One problem for southern Africa, closely linked to the availability of weapons, is the status of demobilised troops and rebels following the formal end of hostilities in Angola, Mozambique, Namibia and South Africa. For example, what will ultimately happen to the 70 000 Fapla troops and 50 000 Unita guerillas, the majority whom should be demobilised? The same uncertainties face Mozambique and, to a lesser extent, Namibia and South Africa. Successful demobilisation will depend on the numbers that could be absorbed by civilian economic activities.

In the regional context, neighbouring states have indicated that they are reluctant to undertake unilateral demobilisation on a large scale while the SADF remains at present force levels. Disarmament in southern Africa would facilitate a broader process of disarmament on the sub-continent, helping to ease external debt and release resources for development. This, in turn, would promote domestic stability of states and inter-state security in the region.

Acceptable political circumstances in southern Africa can, in fact, create the potential for extensive security co-operation. Combined activities could be pursued in a number of areas, including: military training at senior and rank-and-file-levels; patrols of national boundaries; weapons maintenance and procurement; a programme to stem the proliferation of small arms in private hands; operations in response to natural disasters; and as a longer-term goal, regional peacekeeping.

Despite its many limitations and problems, the only existing viable institution for designing and housing common security arrangements in southern Africa, is SADC. The SADC Treaty commits members states to co-operation in a number of areas, including 'politics, diplomacy, international relations, peace and security'.
42 The Treaty's objectives similarly include 'the promotion and defence of peace and security'.43 These issues are regarded as 'critical components of the total environment for regional co-operation and integration'.44

While a new regional security organisation may be created (for example, by enlarging the Frontline states' southern African Inter-State Defence and Security Commission, or an arrangement modelled on the European CSCE), based on the principles of equality and mutual advantage
45, South Africa will still be the dominant regional military power and 'could use this position to maintain or enhance its political, diplomatic and economic power'.46

A collective defence arrangement presupposes the overarching of historical animosities, contained within permanent and structured conflict management mechanisms.

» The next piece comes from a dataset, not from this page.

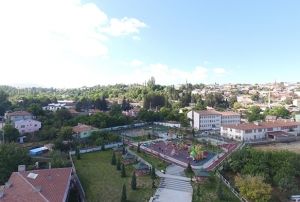 Demokrasi ehidi Cennet Yiit'in ad yeni alacak parkta yaayacak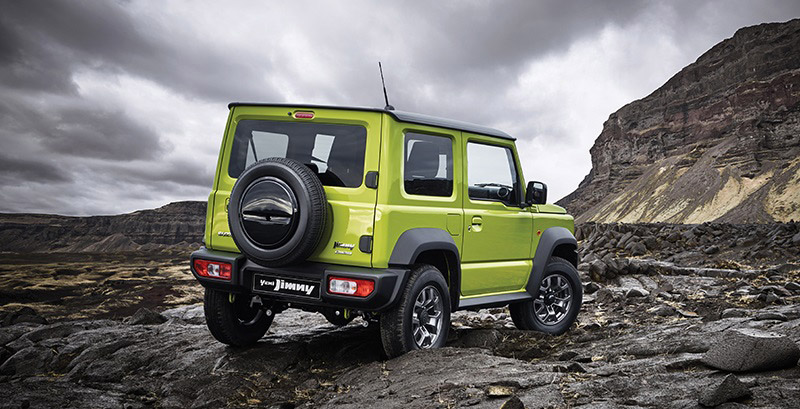 Suzuki Jimny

This would include the establishment of joint military bodies, programmes and exchange of military information and intelligence. However, in the political climate in the sub-region, the sense of a common regional attention seems absent. The second difficult problem inherent in collective security arrangements is identifying and agreeing on the collective enemy. It has been suggested
47 that one way of getting around this problem would be

... to follow certain pre-established rules of conduct such as the renunciation of force, submission to compulsory mediation, acceptance of peace-keeping force and the like. Failure to comply with these procedures would be seen as qualifying for the enemy.


The last problem regarding a regional security arrangement is a tendency by some alliance members to pursue parallel national and bilateral agreements. The current arrangement between Botswana and the US points in this direction. It has a potential to threaten a collective regional alliance arrangement described in this scenario.

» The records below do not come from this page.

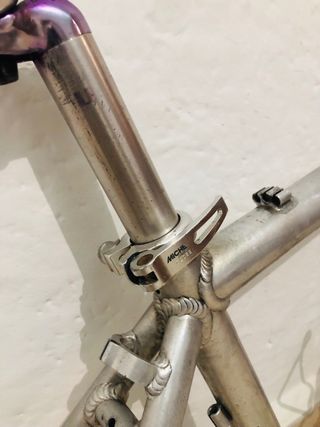 Cuadro de Bicicleta Aswan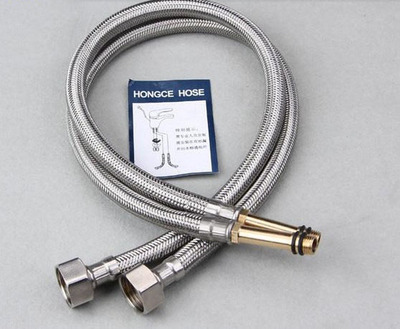 水龙头上水管 优质钢丝编织管 厨房龙头上水管 面盆龙头上水管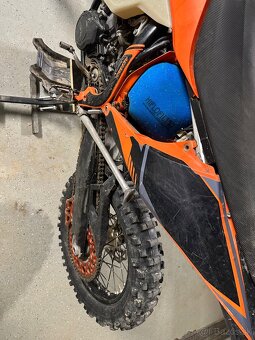 Ktm Exc 450 F 2020 - 11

A recent development in the sub-region has demonstrated the United States' deep continuing concern for the unfolding political processes in southern Africa, to the extent that they collaborated with Botswana in upgrading that country's air defence capability by funding the construction of three airbases sites at a cost of US$ 1 billion and training her airforce. The airbases were scheduled for completion in 1993. The government of Botswana intends to cover the costs of construction by leasing them to the US Airforce and other US agencies. Above all, a joint US-Botswana military field exercise in Gaborone in 1991 confirmed the latest superpower interest in the region.
48 Perceived military alliances between a major power and an African state constitute a great source of anxiety for neighbouring states. Undoubtedly these developments have raised security concerns in the sub-region.

CONCLUSION


A wide spectrum of conventional and unconventional challenges, originating externally and internally, threaten southern Africa.

The focus for addressing the region's political and economic ills has shifted towards the region's inherent ability as the prime factor in the determination of its future. Therefore, the outcome of the fragile transition in South Africa, the regional power, could be the critical determinant of the future of the regional sub-system. Scenarios range from a lasting settlement to conflict continuation and, at the end of 1993, it looked like a middle option (negotiated resolution) with majority (but not all-inclusive support) will prevail, with the priority of addressing the social welfare, health, and education of its citizens. As a result South Africa's regional policy will most likely reflect a balance of internal needs and the realities of the international environment.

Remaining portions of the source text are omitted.